• Supplied material:
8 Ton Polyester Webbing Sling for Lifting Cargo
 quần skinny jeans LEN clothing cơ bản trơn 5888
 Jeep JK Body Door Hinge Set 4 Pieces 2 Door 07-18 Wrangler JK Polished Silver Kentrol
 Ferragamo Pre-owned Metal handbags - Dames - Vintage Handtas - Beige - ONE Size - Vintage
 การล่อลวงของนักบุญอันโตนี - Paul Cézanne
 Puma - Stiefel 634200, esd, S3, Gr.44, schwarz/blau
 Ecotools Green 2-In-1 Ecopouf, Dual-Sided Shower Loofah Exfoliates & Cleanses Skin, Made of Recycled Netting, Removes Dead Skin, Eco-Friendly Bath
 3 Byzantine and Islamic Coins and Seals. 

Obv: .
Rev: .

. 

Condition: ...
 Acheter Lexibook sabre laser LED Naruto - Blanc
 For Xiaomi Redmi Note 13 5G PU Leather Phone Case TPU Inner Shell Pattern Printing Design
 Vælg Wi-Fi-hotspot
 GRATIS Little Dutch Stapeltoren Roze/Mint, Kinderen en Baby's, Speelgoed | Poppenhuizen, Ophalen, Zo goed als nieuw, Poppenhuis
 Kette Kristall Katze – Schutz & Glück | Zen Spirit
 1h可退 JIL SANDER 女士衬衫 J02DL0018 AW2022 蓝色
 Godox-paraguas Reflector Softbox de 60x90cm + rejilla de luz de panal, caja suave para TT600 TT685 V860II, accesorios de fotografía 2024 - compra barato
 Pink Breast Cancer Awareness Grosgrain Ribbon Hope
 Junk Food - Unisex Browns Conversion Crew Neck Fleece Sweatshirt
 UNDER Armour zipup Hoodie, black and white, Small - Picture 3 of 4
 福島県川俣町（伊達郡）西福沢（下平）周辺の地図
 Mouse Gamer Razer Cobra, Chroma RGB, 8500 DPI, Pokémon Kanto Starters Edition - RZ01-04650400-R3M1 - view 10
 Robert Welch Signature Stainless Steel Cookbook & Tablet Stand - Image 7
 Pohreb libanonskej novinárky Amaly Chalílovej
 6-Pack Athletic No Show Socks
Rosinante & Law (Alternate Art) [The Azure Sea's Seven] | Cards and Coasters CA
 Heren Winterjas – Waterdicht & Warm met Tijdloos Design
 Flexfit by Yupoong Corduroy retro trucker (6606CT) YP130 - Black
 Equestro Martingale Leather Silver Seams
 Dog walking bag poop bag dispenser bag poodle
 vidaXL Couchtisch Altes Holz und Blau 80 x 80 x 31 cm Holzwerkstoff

• Problem to solve:
Considering each line of the records on its own, count those that contain "Leather" and give only that number.

• Response to this exercise:
2